All eyes are on the potential list of participants from Syria, amid opposition rifts between supporters of negotiations and hardliners who say even talking to the regime of President Bashar al-Assad is a betrayal.

Brahimi revealed that 26 states will take part in the Geneva 2 conference, including Algeria, Egypt, Lebanon, Oman, Qatar, Saudi Arabia and Turkey and hinted that no agreement has been reached yet n a role for Iran in Geneva 2.
The head of the Western-backed rebel Free Syrian Army, once the country’s strongest armed opposition force but now increasingly marginalised by Islamists, called Friday for unity in the rebel ranks.

“We consider that all those who fight against the criminal regime of Bashar (al-Assad) are our brothers, and we call on all revolutionary leaders to unify in the face of oppression,” General Selim Idriss said in a video published Friday.

Having begun as a rag-tag collection of military defectors and civilians taking up arms to defend peaceful anti-Assad protesters from a March 2011 crackdown, the rebels have been increasingly torn by ideological differences and conflicting interests.

Syria’s Kurds, meanwhile, said they looked set to send two delegations to the talks, one in the opposition camp and another with Assad’s representatives, to defend their minority’s interests.

There is also debate over which Middle Eastern countries should take part — beyond Syria’s neighbours who have taken in the overwhelming majority of the 2.4 million refugees from a war that to date has claimed over 126,000 lives.

There has been persistent wrangling over a role in the talks for Assad’s staunch ally Iran, also a leading backer of the Lebanese Shiite militia Hezbollah fighting alongside Syrian government forces.

Russia, a key backer of Assad’s regime, has sought to have Iran at the table, while Western nations are pushing for Saudi Arabia to take part.

Moscow’s strong support of the regime in Damascus was again highlighted Thursday when it blocked a US-sponsored UN Security Council statement denouncing Assad’s government for its brutal military offensive on the northern city of Aleppo, where scores of civilians have been killed in recent missile and “barrel bomb” attacks.

France said the indiscriminate air strikes on Aleppo amounted to war crimes.

And French President Francois Hollande warned that the conference could not be a success if it confirmed Assad in power.

The meeting cannot be “an objective in itself”, he said on the sidelines of an EU summit in Brussels.

Saudi Arabia and fellow Sunni monarchies in the Gulf, such as Qatar, are major backers of the rebels in Syria’s civil war, which has morphed into a sectarian battle between Islam’s two main branches.
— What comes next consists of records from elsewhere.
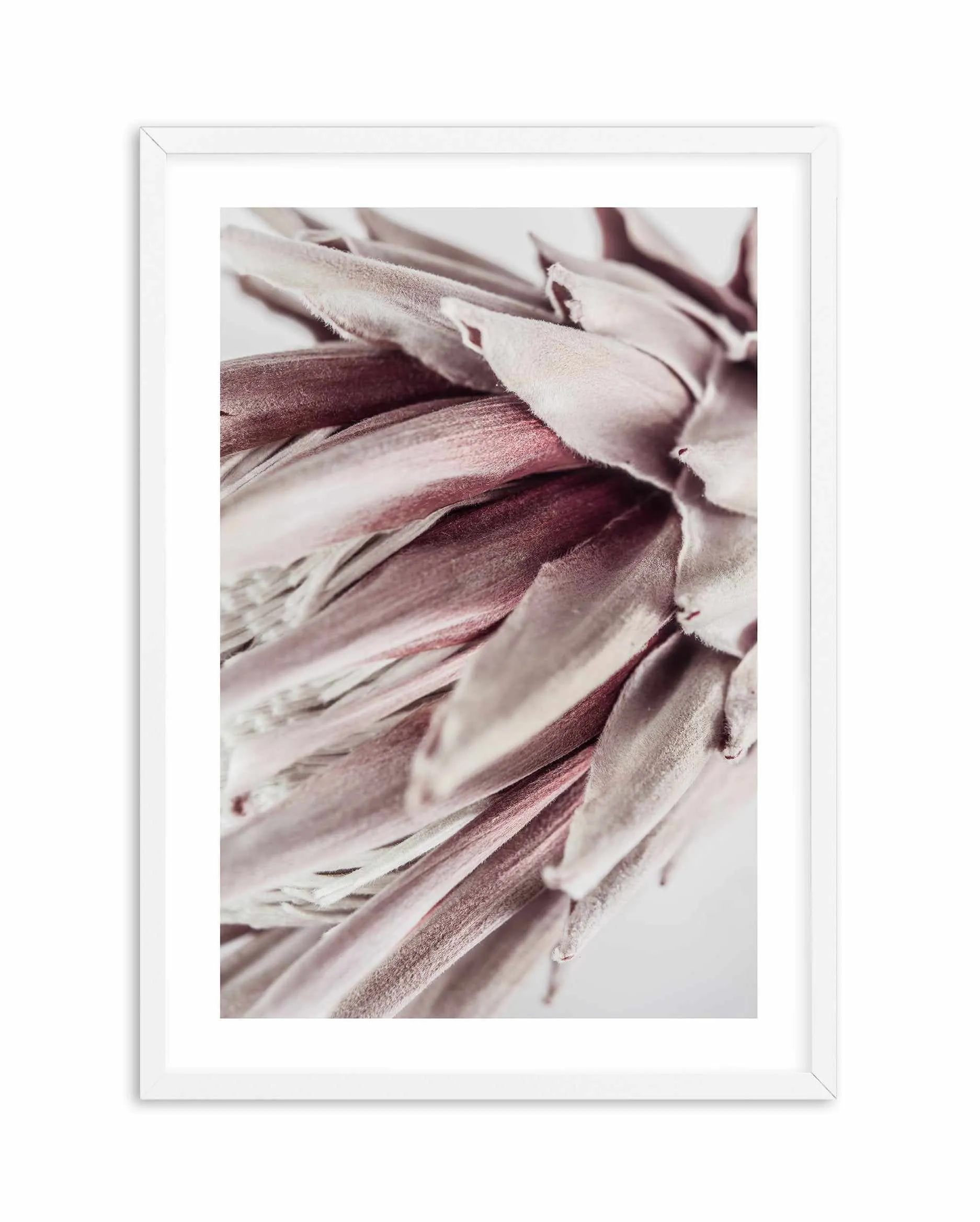 Abstract Protea II Art Print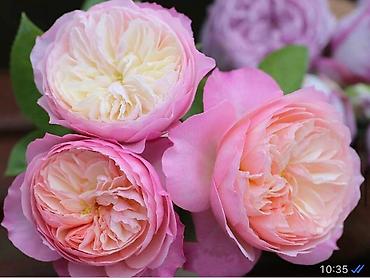 Роза: Чайно- гибридные розы для сада! 
Гарантия сорта!!!
 ул. Ташкентская, 9 — 4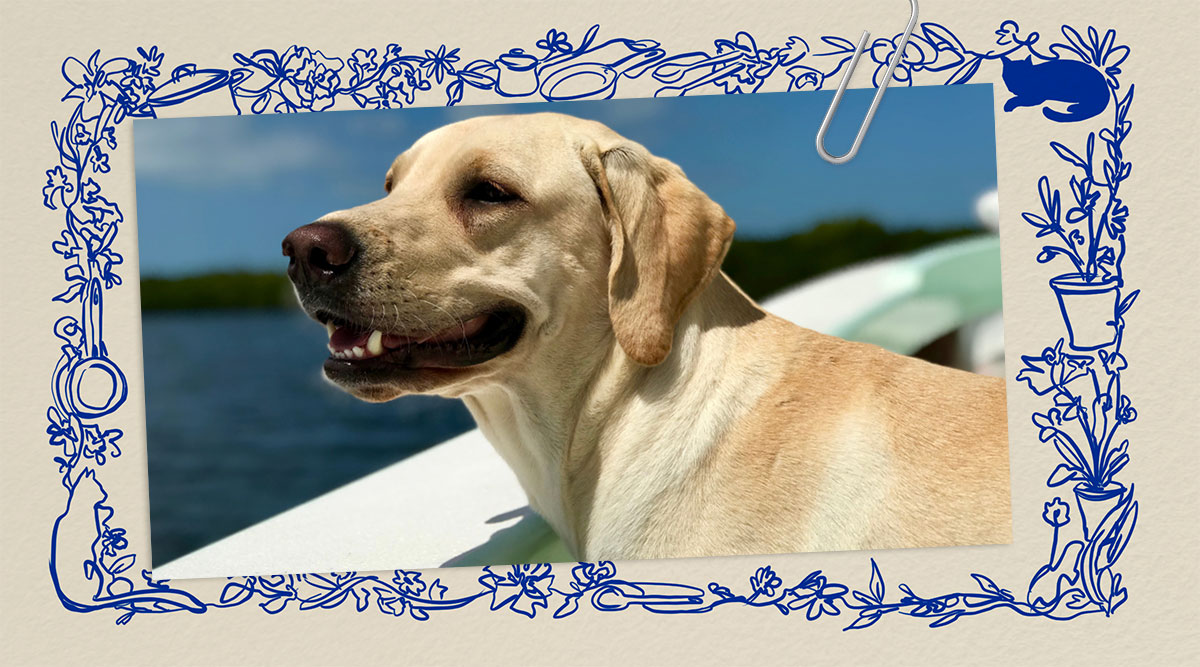 Labrador Bobby uit Het leven van Marian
Whichever foreign countries take part, Brahimi has underscored that they will only be invited to the January talks’ opening day, before the Syrians meet.

The so-called Geneva II conference is meant as a follow-up to one held in June 2012, where world powers issued a call for a Syrian transition government.

But Syria’s warring sides failed to agree on whether Assad or his inner circle could play a role in the process, and amid spiralling fighting plans for Geneva II repeatedly were put on hold.

The January 22 session will in fact be held in Montreux, a city 90 kilometres (about 60 miles) northeast of Geneva.

The negotiations involving the two Syrian delegations and Brahimi will continue at the UN in Geneva on January 24 but it remains undecided how long they will last, his staff said.